During Wednesday’s hearing, as he continued his arguments before the bench, Abbasi’s lawyer, Azid Nafees, argued before the court that the PTI leader has adopted varying positions regarding the aggregate agricultural income he declared in his 2013 nomination papers.
He said that, in a written response submitted in the court, the PTI leader adopted the stance that he was not liable to pay tax on the contracted land. Later, the position was adopted that there was no column on the nomination papers for Tareen to declare the income he earned from the land.
“The documents regarding the contract are fake,” Abbasi’s lawyer alleged.
“Jahangir Tareen did not pay any tax on his agricultural income,” the lawyer further told the court. “The leased land is not registered with the Department of Finance,” he added.
“Registering the land was the land owner’s responsibility,” Justice Arab said.
“If Tareen was paying such a large sum for the land, he should have had it registered,” the lawyer argued.
“We will have to see if the documents presented by Tareen prove dishonesty,” the chief justice said.
Completing his arguments regarding the contracted land, Abbasi’s lawyer shifted his attention to a trust through which Tareen had bought property in Britain.
The lawyer recalled that Tareen, in a response submitted to the court earlier, had said that his children are the actual beneficiaries of the trust, not him. However, the lawyer argued, according to the trust deed submitted before the court, Tareen is the beneficiary of the trust, along with his wife and children.
The lawyer further argued that the trust was established to conceal the ownership of property.
“Are you trying to say that Tareen should have declared the trust in his nomination papers?” the chief justice asked. “The property bought through the trust belongs to the trust,” he said.
He added that Tareen, as the settler of the trust, could not have been the owner of the property.
“The trust is a legal entity, the property bought through the trust will belong to the trust,” the chief justice said.
When the lawyer told the court that Tareen was required to declare his assets in the nomination papers, the chief justice told him that the trust is not an asset.
“The trust was established in a legal way, where is the dishonesty?” the chief justice asked.
Advocate Nafees then reminded the court that in the Panama Papers case ─ in which former prime minister Nawaz Sharif was disqualified ─ the court had to look at the facts to determine whether the lawmaker was sadiq and ameen as per Article 62 and 63 of the Constitution.
He added that in the present case, the court has to look for dishonesty in a lawmaker’s conduct, not intention.
After Adovcate Nafees completed his arguments, Tareen’s lawyer, Advocate Mohmand Bashir, told the court that his client is not the beneficial owner of the trust.

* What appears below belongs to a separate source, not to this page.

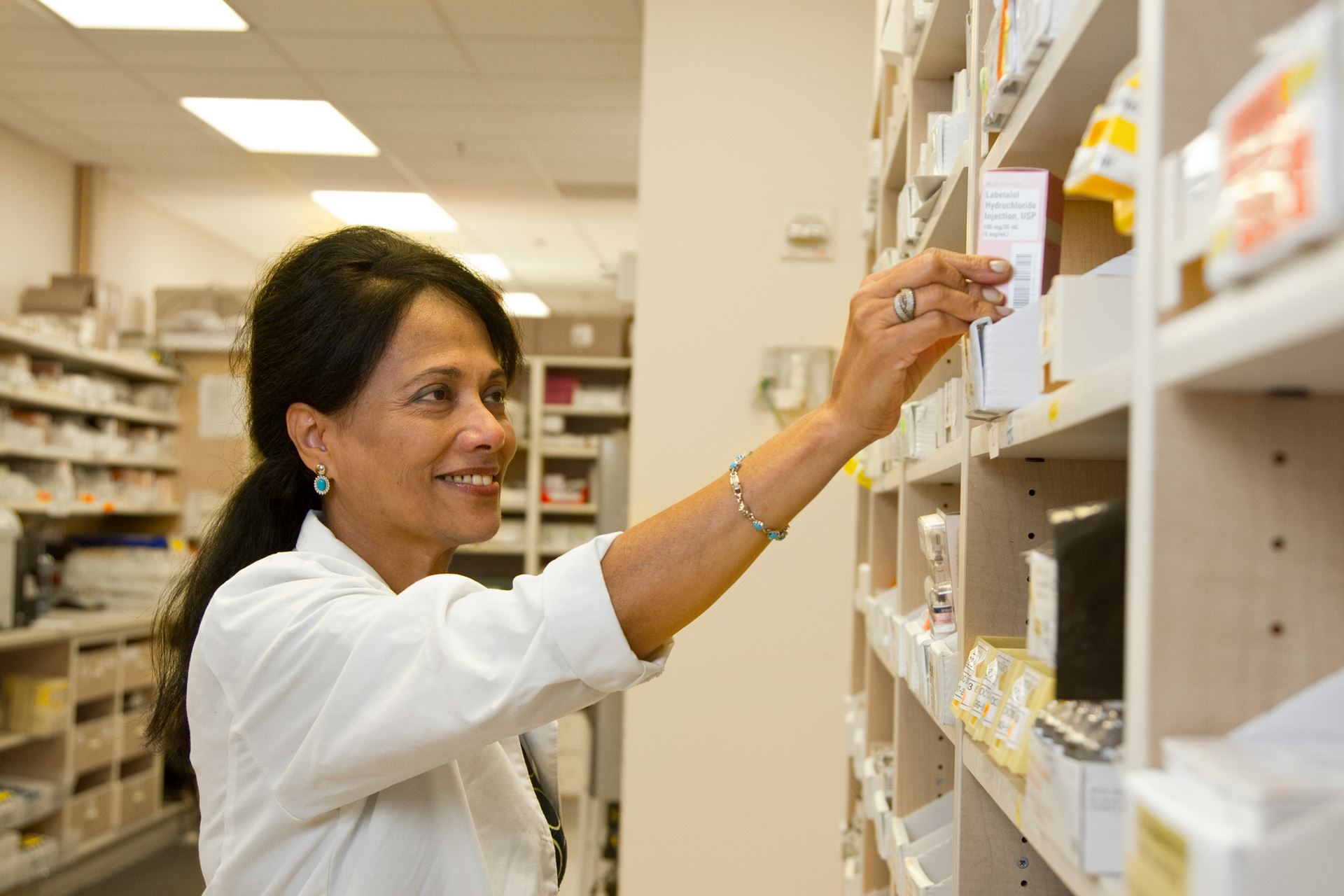 Picture of a pharmacist reaching for some medicine on a shelf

“Being a beneficiary does not prove that one is the beneficial owner,” the chief justice agreed.
“The owner of the trust’s funds is the trust,” Advocate Bashir said.
“There is hope of receiving something from a trust. There is no column in the nomination to declare what is expected,” the lawyer argued.
Justice Bandial retorted that perhaps this was the same as income that has not been received yet, recalling the grounds of Nawaz Sharif’s disqualification.
The former prime minister had been disqualified from office for not having declared an iqama (work permit) that entitled him to a salary of 10,000 dirhams while he served as chairman of the board of a Dubai-based company.
The former premier’s counsel had argued at the time that Sharif never withdrew the salary. However, Sharif was disqualified for not having declared what the court ruled was a receivable asset.